While, these policies have helped to rebuild the March and to restore the population, they have not been without controversy. Some of Rhuddlum’s Thanes expressed dissatisfaction with the lack of ability to tax those in their lands despite still being required to meet their own financial and military obligations to House Ånwar. Many Thanes as well as others have also complained about the substantial economic concessions made to the Crefft, which they feel have taken even more money out of their own pockets. Rhuddlum has also appointed several new Ceorls and one new Thane to take the place of those who had fallen in war, creating new nobility out of adventurers who had proved themselves both loyal and skilled in battle. This has offended some of the existing Thanes, who resent the newcomers in their ranks. Some of the older Thanes had argued vociferously that the lands that ended up being bequeathed upon these upstart gentry should have been distributed to their Houses instead.

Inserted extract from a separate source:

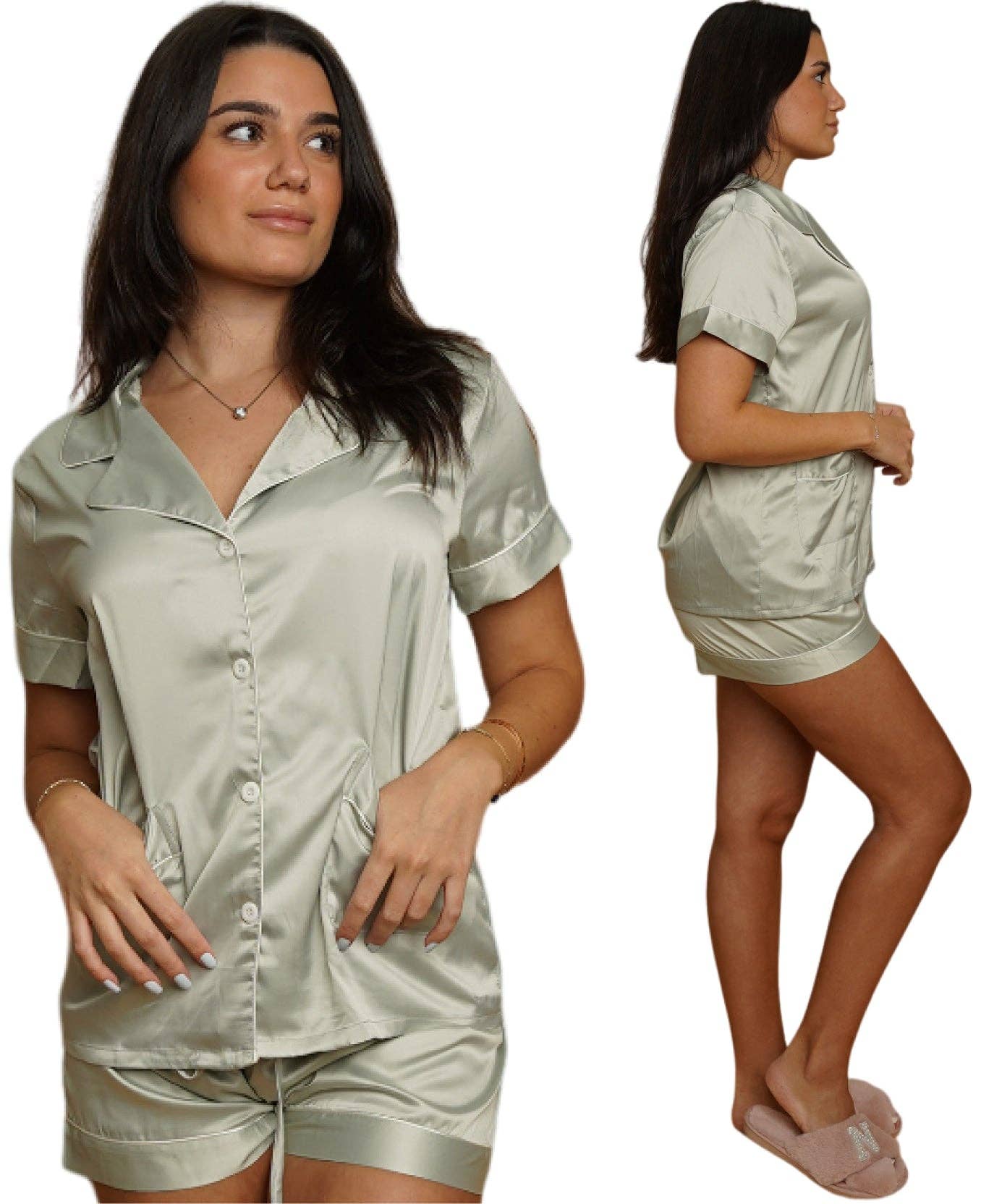 Taniri - Wholesale Sleepwear Set - Women's - ASHLEY SHORT MATTE SATIN PAJAMAS46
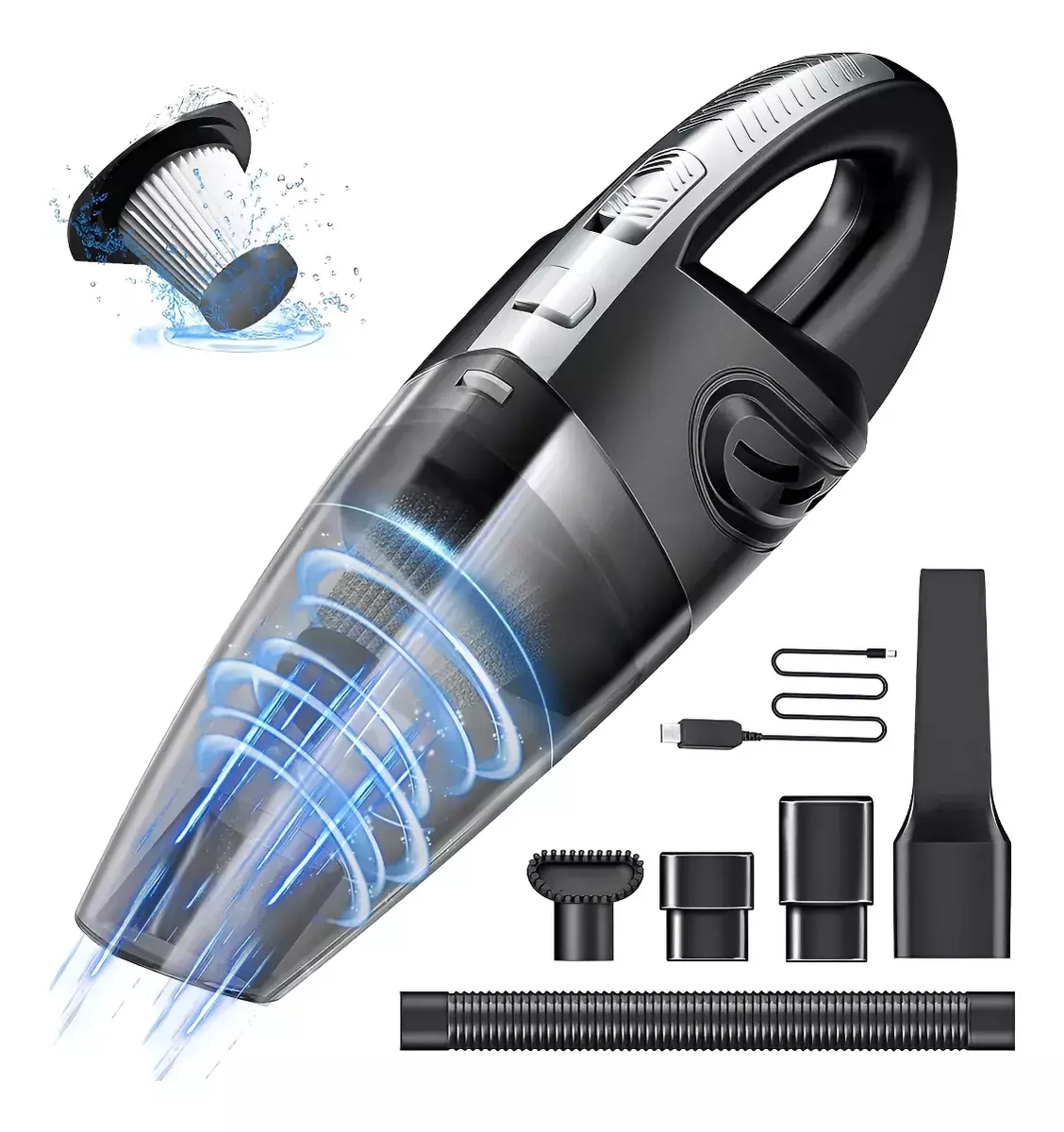 Aspiradora de Mano Portátil 4500PA Filtro HEPA Lavable Recargable 2200mAh-0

No decision has caused as much unrest as Rhuddlum’s concessions to the Order of the Shield. The Order had long been an ally of House Ånwar, maintaining the critical stronghold at Cær Wydyr at the gateway to Elizon, but the Order had also always tread lightly in matters of local politics. But since the war, the Order has become increasingly outspoken, insisting on being given the right to build and choose the staff of local village and town temples, and pressuring Rhuddlum into accepting some of their members as officers in his household, much to the chagrin of his Thanes, who regarded such positions as rightly theirs. Currently Eorl Rhuddlum's Steward, Lord Privy Seal, and Lord Marshall are all members of the Order of the Shield. But the infusion of members of the Order of the Shield into the local politics of the Brigantia March has had another, more pernicious effect: Always suspicious of the followers of the druidic Old Faith, some members of the crusader order have suggested that the druids aided, or at least were insufficiently vigorous in their opposition to, the Dark Temple’s forces. This suggestion, in an environment in which many already harbored the belief that many of their countrymen had collaborated with the invaders, has sparked considerable prejudice against the adherents to the Old Faith, splitting the populace, and in many cases pitting older, established residents against the new settlers.